Even more complicated than the various logos is the battery of credited producers. Garry Blye (of, presumably, Blye Migicovsky Productions Inc.) is actually credited as ‘producer’, Mark Shekter is the ‘senior producer’ and Michael B Hefferon is the ‘supervising producer’; Shekter, Blye and John Migicovsky are ‘executive producers’ with Charles Falzon as ‘co-executive producer’. There is a ‘production executive’ with the great name of Tammy Litwack Brown who presumably has a different role from the executive producers and indeed from the ‘executives in charge of production’ who are Tony Stevens-Fleischmann from Phoenix Animation Studios Inc. and Nancy Chappelle from Catalyst Entertainment Inc. (who somehow missed out on including their animated logo on the tape). There’s a ‘line producer’ too, but by that point my hand was getting tired so I gave up taking notes. Good grief. How many people does it take to make one cartoon?

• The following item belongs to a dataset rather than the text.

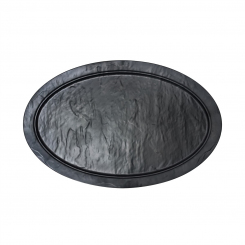 Melamin XXL-Platte oval schwarz matt Q Squared 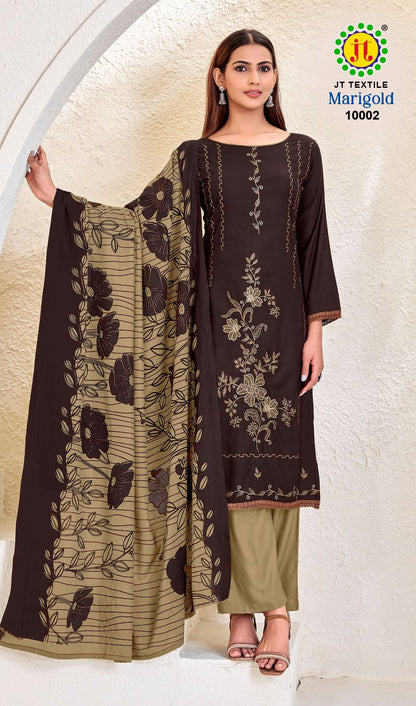 Marigold Vol 10 Jt Rayon Pant Style Suits Wholesale Rate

Shekter and Blye are still working together for a company named Microtainment Plus and between them have a very impressive roster of people and shows that they have written for or produced, including Steve Martin, Bob Hope, the Smothers Brothers and Rowan and Martin’s Laugh-In. Their most recent production is the rather self-explanatory teen series Vampire High. John Migicovsky went on to become President of the Columbia Tristar Media Group while Charles Falzon became President of Gullane Entertainment (who own Thomas the Tank Engine, among other things).

Although this is a Canadian production there is nevertheless a credit for an animation studio in Seoul, which seems odd as none of the many names in the credits are Korean. There are also, bizarrely, credits for ‘live action sequences’ of which there are, um, none at all. My guess is that when the series of which this was part, Bedtime Primetime Classics, was originally aired on Canadian TV it had some sort of wraparound live-action framing story. The video release was then probably renamed Goodtimes Video Classics, with a purely animated title sequence - but with the original end credits. That’s my guess, at least.

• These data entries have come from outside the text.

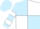 Light Blue and White (quartered), hooped sleeves, Light Blue cap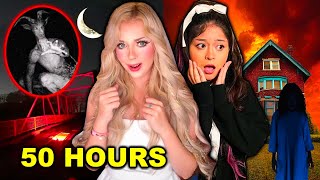 We Survived 3 Terrifying Haunted Places in 50 Hours... (*FULL MOVIE*)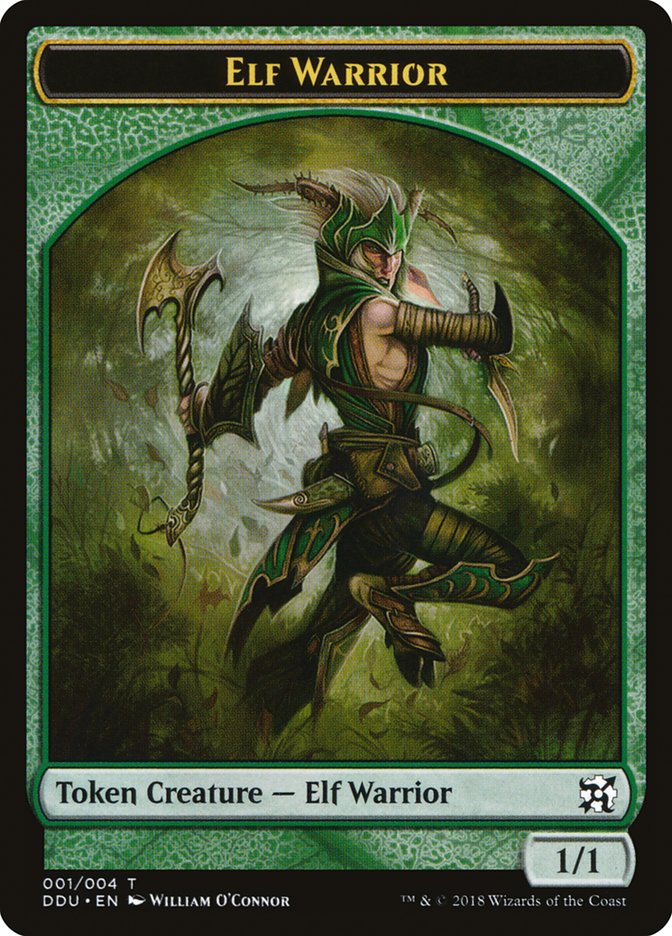 Elf Warrior Token [Duel Decks: Elves vs. Inventors Tokens] | Good Games Modbury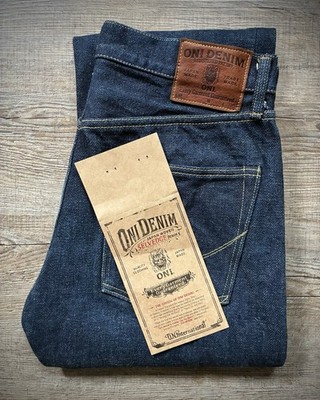 ONI 20oz Secret Denim Jeans Size 32 Regular Straight Made In Japan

Glenn Morley and Marvin Dolgay are credited with the music although Mark Shekter is credited (at least on the sleeve) with the songs. The animation and character design are actually pretty good, of a standard that one might expect to see on Cartoon Network or Saturday morning shows. Alexa could almost be an ancestor of Kim Possible.

The interesting cast, whose roles are not identified, are: Clara Blye (probably the narrator), venerable Canadian institution Don Francks (My Bloody Valentine, Johnny Mnemonic and every TV show under the sun), Jennifer Martini (Babar, Goosebumps), James Rankin (Super Mario Brothers cartoon), Ron Rubin (Angela Anaconda, Sailor Moon), Stuart Stone (Voodoo Dawn, Serial Killing 101, Donnie Darko) and Colette Stevenson (Rats, Replikator - I think this is a different actress to the one who was in Corrie in the early 1990s).

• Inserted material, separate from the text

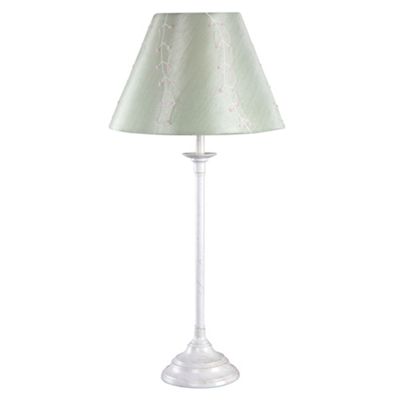 Litecraft Traditional Table Lamp with Green Shade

Despite my initial trepidation, I ended up actually enjoying this version of JTTCOTE. I think its intended pre-teen audience would lap it up - and might be encouraged to perhaps try one of Verne’s books for themselves. In contrast, the 2001 Franco-Belgian version, in staying truer to Verne, is more suitable for an older audience who don’t expect songs or animal sidekicks in their cartoons. As far as I can tell, there are four other animated versions of the story: an accurate-looking Spanish one, a less acurate one called A Journey to the Centre of the Earth (which features a Dr Greed-like rival named Professor Kippner), an episode of a pre-school series called The Triplets and the second Willy Fog TV serial.